Pleasure's sonic textures are easily its most ear-grabbing aspect; amps buzz, vocals congeal, synth tones pulse. Unlike previous record Metals, which fit neatly in the early 2010s canon of ambitious universe-building indie pop records (think Lykke Li's Wounded Rhymes), Pleasure really carves out an aesthetic that no one else is doing right now.

The album has the advantage of being ten years removed from Feist's indie blockbuster The Reminder, and thus not as readily viewable as "a disappointment" for lacking pop sensibility. This time around, the singles aren't even trying to be radio friendly, although "Get Not High, Get Not Low" still offers a surprise bass boost in its chorus, as well as the kind of floaty harmonic structure indie pop loves.

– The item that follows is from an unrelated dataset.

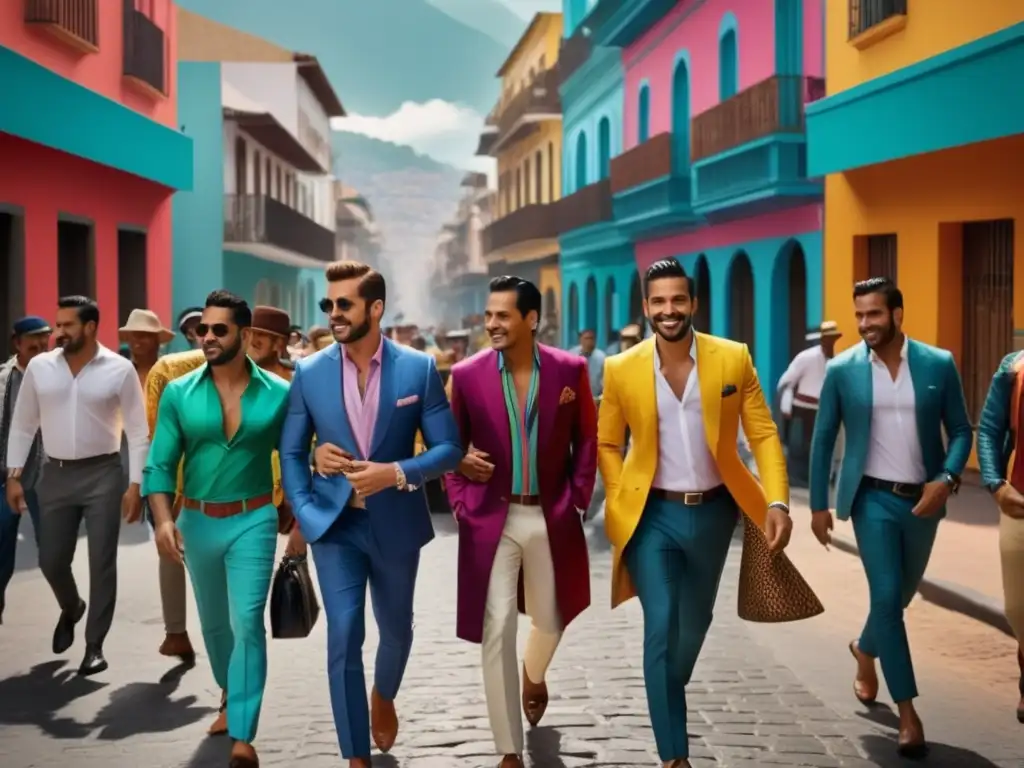 Hombres con estilo y tendencias de moda en una vibrante ciudad latinoamericana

Feist's vocal deliveries in general are also decidedly less polite - the hushed vocals that permeated songs like "Sealion" and "I Feel it All" are still here, but so are raw shouts on "Century," a ragged moan on "I Wish I Didn't Miss You," and straight-up bar singing on "Any Party." It's to Feist's credit that she manages to display so much dynamism on such an aesthetically persistent record.

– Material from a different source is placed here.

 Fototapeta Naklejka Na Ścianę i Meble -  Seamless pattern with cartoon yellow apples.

It's been interesting to see the different ways people process this album. There's been a lot of emphasis on the most audacious moments of the record (namely that Mastodon sample in "A Man is Not His Song" and Jarvis Cocker's hyperdramatic monologue on "Century"), with some dismissing the complex subject matter of both songs through their stranger contortions. Similarly I don't think every assertion about possible influences gives Feist enough credit (those PJ Harvey comparisons lose their validity after the first two songs), but if the one takeaway you get from this album is that Feist has created a fascinating alternative to her post-Reminder success, that should be sufficient.

For me, Pleasure's biggest shortcoming is ultimately the same as Metals - a few too many ballad-heavy moments, but this time around the ones that manage to fully embrace her newfound sound (namely "The Wind" and "A Man is Not His Song") still fare well. If this is a direction Feist continues to pursue, I'll gladly wait another six years for the next record.